The lath will often come in separate sheets, cutting these sheets while they are lying flat on the ground is much easier than trying to cut them while partially lifting them.
Using this technique will also no prevent the lath from bending as you are cutting it.
Lay Out The Veneer Before You Begin
Before you begin installing your stone veneer, you should first lay everything out on the floor.
This will ensure that you have enough material to cover the space.
If you are using a combination of different thin stone veneer finishes, it will also give you the opportunity to see them side by side and get a sneak peek at how they will look next to one another.
Dampen The Surface
Prior to installation, you should lightly dampen the concrete or other surface that you are applying the stone veneer to.
If there is too much water, the mortar can end up becoming runny and you will have difficulty getting your veneer to split.
However, a lightly damp surface will not only help the stone veneer to adhere properly, but it will also so keep the pieces clean from dirt and dust.

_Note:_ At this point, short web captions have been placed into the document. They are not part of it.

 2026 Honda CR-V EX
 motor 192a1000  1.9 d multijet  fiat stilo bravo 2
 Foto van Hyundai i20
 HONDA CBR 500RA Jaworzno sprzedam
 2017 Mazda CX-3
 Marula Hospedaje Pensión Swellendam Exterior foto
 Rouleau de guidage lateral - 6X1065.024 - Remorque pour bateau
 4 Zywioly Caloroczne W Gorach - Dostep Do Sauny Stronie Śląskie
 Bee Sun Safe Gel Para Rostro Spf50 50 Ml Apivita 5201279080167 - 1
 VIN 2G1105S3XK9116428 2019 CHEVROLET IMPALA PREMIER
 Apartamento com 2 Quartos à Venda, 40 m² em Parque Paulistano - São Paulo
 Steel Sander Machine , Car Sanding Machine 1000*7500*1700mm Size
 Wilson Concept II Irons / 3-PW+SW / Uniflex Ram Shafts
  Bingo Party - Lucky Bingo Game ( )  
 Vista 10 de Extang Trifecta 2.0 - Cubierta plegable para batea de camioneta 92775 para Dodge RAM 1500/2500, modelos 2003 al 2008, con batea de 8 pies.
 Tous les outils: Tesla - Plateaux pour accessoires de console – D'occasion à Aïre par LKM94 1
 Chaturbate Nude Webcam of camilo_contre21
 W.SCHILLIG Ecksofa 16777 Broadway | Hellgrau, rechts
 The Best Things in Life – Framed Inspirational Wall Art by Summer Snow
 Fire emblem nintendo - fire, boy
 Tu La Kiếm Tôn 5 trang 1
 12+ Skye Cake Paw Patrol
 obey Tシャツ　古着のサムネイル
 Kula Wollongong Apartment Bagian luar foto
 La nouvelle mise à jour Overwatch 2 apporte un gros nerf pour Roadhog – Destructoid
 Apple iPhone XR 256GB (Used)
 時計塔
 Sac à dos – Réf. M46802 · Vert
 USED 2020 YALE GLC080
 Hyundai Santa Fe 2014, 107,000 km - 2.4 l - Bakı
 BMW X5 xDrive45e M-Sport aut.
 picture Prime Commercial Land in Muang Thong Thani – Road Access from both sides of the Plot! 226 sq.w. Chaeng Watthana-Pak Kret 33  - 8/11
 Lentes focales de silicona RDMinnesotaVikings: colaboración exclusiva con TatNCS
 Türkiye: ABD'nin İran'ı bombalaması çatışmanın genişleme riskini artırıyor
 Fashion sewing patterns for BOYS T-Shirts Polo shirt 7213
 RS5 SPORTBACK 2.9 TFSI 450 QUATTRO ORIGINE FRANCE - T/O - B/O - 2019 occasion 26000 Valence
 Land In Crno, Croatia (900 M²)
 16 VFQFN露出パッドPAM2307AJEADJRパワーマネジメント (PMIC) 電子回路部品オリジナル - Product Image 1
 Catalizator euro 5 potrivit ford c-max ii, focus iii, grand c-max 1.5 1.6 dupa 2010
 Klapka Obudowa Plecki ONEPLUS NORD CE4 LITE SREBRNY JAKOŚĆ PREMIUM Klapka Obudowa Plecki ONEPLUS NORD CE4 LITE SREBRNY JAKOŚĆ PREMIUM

Use Proper Application Technique
It is essential to use the proper technique to apply a veneer if you want it to stick.
Begin by applying the corners first, and from there, work your way up from the bottom.
In each corner, there is both a long leg and a short leg, you should alternate between them when you are laying the corners down.
This will give the stone a staggered pattern and will prevent a straight joint from running the length of the corner and ruining the visual effect.
Once you have done the corners, you should then cover the flat part of the wall by beginning at the top and working your way down.
This will ensure that any debris that falls down does not stick to the face of the veneer.
Adding a stone veneer can instantly make any surface on your property look more attractive and interesting.
Just make sure that you plan out what you are going to do before you do it, as repairing a veneer later can be a real pain.